|
Audio Asylum Thread Printer Get a view of an entire thread on one page |
For Sale Ads |
46.140.171.83
In Reply to: RE: in a word: acceleration. posted by Bill Fitzmaurice on June 10, 2023 at 08:03:45
No, it is not a red herring. Acceleration is the rate of change in velocity and this has a direct impact on the amplitude of the wave generated.
If I have a driver that moves 1mm in 1 millisecond vs. the same driver that moves 1mm in 10 microseconds, which one do you think will have the higher amplitude? The force of compression of air is much greater with traveling the same distance in a much shorter time frame.
A larger surface area will also give a higher sensitivity for a given force as clearly more air is being moved. A large e-stat panel will therefore be able to make a reasonable SPL level without having a particularly strong motor and therefore somewhat slower acceleration.

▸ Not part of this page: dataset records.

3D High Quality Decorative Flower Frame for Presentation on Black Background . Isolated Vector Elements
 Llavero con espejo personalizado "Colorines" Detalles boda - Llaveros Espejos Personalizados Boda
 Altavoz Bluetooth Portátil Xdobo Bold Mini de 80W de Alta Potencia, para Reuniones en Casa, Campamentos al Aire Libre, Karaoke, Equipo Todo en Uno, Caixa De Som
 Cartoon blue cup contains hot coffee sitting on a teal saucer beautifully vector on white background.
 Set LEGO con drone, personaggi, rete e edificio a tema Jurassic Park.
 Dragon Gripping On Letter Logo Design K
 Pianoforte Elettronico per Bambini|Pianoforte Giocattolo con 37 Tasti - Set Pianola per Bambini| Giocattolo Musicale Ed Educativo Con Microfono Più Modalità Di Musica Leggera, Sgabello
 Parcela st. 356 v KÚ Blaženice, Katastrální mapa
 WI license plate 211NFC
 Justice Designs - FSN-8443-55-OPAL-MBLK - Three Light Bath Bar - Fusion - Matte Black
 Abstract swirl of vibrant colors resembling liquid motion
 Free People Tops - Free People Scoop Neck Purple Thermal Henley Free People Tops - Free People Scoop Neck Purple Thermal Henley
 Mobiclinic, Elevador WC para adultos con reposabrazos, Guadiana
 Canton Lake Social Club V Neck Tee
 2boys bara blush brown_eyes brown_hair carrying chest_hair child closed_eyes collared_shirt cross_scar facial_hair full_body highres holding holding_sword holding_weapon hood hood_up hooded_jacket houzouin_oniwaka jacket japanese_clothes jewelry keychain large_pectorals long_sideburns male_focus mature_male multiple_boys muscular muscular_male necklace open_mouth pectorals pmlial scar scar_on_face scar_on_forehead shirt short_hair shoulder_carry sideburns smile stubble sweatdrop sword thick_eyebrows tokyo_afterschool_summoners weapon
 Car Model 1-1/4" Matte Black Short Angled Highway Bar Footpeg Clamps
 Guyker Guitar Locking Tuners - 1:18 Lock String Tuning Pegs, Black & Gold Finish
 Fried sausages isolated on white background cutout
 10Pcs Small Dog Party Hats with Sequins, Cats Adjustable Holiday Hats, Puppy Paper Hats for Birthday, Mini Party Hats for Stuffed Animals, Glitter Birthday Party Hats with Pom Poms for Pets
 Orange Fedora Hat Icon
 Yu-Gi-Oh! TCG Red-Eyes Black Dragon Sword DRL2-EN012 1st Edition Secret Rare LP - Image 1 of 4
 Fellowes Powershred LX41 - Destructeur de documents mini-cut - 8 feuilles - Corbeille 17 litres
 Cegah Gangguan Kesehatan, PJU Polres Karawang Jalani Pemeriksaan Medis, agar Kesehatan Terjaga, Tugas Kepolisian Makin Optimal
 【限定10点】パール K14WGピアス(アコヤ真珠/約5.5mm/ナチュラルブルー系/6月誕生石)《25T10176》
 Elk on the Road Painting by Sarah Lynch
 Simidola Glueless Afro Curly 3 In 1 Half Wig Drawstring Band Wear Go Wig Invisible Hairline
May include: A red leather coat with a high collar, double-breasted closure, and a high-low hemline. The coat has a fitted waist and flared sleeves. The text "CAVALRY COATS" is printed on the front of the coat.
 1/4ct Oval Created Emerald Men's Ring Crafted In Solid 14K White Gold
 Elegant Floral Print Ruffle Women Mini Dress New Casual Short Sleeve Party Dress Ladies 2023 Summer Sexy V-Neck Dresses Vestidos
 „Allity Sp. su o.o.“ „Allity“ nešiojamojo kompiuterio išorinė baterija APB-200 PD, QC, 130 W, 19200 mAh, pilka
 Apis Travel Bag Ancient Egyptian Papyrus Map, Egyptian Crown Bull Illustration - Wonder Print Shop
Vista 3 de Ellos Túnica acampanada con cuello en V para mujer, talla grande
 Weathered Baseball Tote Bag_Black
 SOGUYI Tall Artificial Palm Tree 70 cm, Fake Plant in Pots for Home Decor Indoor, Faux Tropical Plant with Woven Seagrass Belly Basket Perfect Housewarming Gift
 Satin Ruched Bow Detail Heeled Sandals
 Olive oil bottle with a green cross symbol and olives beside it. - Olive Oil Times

You can make ribbon speakers with high sensitivity as well...but it takes very powerful magnets to do so to generate the acceleration needed for high sensitivity. Again, back to acceleration.
Follow Ups:
A diaphragm accelerates as fast as it needs to for the required excursion and frequency. In your example of 1mm in 1 millisecond vs. the same driver that moves 1mm in 10 microseconds they would not reproduce the same frequency. A wave period of 1 millisecond is 1kHz. A wave period of 10 microseconds is 100kHz.Acceleration only enters the picture when comparing two different excursions. A given tone at 1mm excursion would require ten times the acceleration as the same tone at 0.1mm excursion. If the transducer lacked the necessary acceleration to realize the given excursion within the wave period the result would be a lower frequency, not lower sensitivity.
Edits: 06/12/23 06/12/23
"It is not a very long post, but if you are really busy, here is a TL;DR summary:
Displacement in speaker diaphragm does not generate the pressure wave in air that is the sound we hear. Acceleration does.
What causes the diaphragm to accelerate (and therefore the air in front of it to pressurize) is force. A lower acceleration only results in lesser sound pressure level (SPL), i.e. less loud, not how quickly it appears, i.e. the lack of speed.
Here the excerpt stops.